▸ **Task to complete**
In the records below, find the line holding "ラーメン 厚木家 - チャーシュー麺の青ネギトッピングです♪(*≧∀≦*)" and the line holding "Northwoods lakeside cabin". Set down both, with every line between them, exactly.

▸ **Information provided**
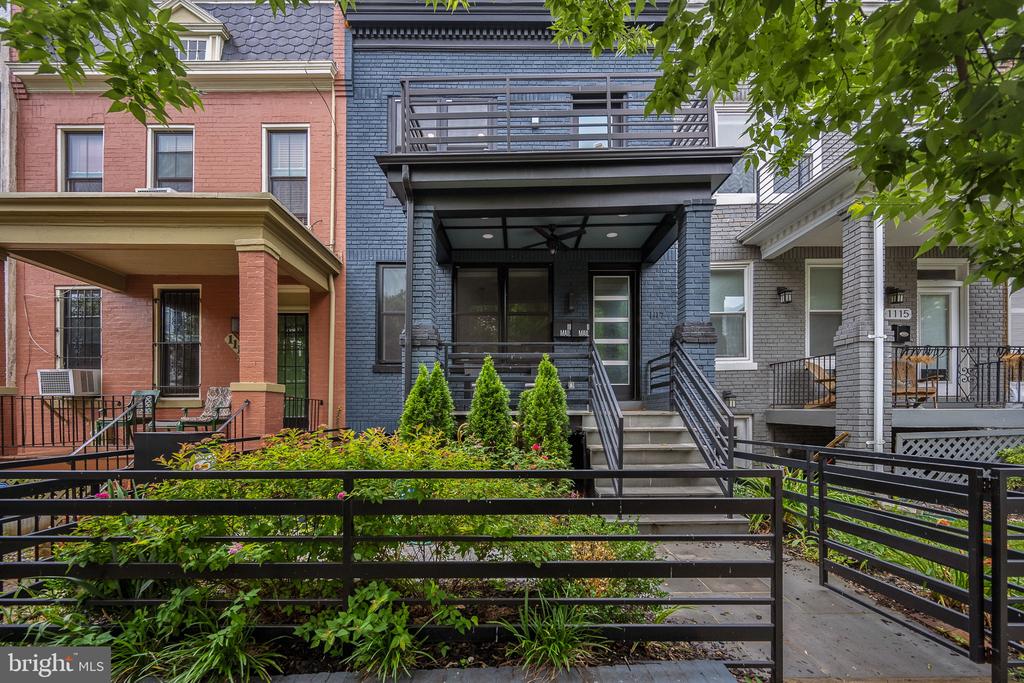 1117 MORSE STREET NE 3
* * *
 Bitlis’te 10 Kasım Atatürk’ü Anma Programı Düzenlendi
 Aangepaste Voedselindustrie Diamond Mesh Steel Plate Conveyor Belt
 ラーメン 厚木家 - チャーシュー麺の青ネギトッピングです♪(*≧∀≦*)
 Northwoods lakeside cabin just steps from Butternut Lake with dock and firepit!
* * *
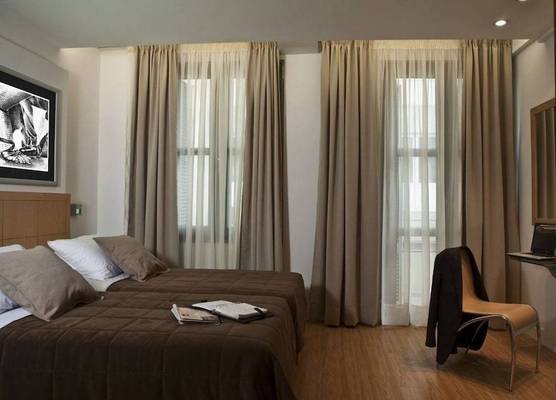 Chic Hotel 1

▸ **Result**
 ラーメン 厚木家 - チャーシュー麺の青ネギトッピングです♪(*≧∀≦*)
 Northwoods lakeside cabin just steps from Butternut Lake with dock and firepit!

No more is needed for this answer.